▼▼▼

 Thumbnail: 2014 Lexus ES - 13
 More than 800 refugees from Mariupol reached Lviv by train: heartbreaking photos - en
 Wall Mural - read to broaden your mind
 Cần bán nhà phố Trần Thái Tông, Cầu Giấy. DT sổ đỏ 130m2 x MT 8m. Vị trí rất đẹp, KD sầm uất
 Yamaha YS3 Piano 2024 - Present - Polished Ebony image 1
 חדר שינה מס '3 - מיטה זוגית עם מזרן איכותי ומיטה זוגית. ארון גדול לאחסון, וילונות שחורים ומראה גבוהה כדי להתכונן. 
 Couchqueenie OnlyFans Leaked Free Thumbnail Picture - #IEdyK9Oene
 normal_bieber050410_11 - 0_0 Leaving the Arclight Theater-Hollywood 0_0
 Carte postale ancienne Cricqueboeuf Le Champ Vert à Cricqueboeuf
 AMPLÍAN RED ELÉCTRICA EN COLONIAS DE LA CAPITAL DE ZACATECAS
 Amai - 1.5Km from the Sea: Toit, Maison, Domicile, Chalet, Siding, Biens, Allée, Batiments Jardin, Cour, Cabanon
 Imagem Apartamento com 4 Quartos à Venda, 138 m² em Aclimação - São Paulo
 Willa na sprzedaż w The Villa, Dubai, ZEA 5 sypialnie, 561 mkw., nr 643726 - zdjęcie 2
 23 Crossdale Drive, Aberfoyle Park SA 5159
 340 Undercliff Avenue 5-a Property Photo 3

▲▲▲

Try it: From the records above, please extract every line and repeat it exactly.

Response:
 Thumbnail: 2014 Lexus ES - 13
 More than 800 refugees from Mariupol reached Lviv by train: heartbreaking photos - en
 Wall Mural - read to broaden your mind
 Cần bán nhà phố Trần Thái Tông, Cầu Giấy. DT sổ đỏ 130m2 x MT 8m. Vị trí rất đẹp, KD sầm uất
 Yamaha YS3 Piano 2024 - Present - Polished Ebony image 1
 חדר שינה מס '3 - מיטה זוגית עם מזרן איכותי ומיטה זוגית. ארון גדול לאחסון, וילונות שחורים ומראה גבוהה כדי להתכונן. 
 Couchqueenie OnlyFans Leaked Free Thumbnail Picture - #IEdyK9Oene
 normal_bieber050410_11 - 0_0 Leaving the Arclight Theater-Hollywood 0_0
 Carte postale ancienne Cricqueboeuf Le Champ Vert à Cricqueboeuf
 AMPLÍAN RED ELÉCTRICA EN COLONIAS DE LA CAPITAL DE ZACATECAS
 Amai - 1.5Km from the Sea: Toit, Maison, Domicile, Chalet, Siding, Biens, Allée, Batiments Jardin, Cour, Cabanon
 Imagem Apartamento com 4 Quartos à Venda, 138 m² em Aclimação - São Paulo
 Willa na sprzedaż w The Villa, Dubai, ZEA 5 sypialnie, 561 mkw., nr 643726 - zdjęcie 2
 23 Crossdale Drive, Aberfoyle Park SA 5159
 340 Undercliff Avenue 5-a Property Photo 3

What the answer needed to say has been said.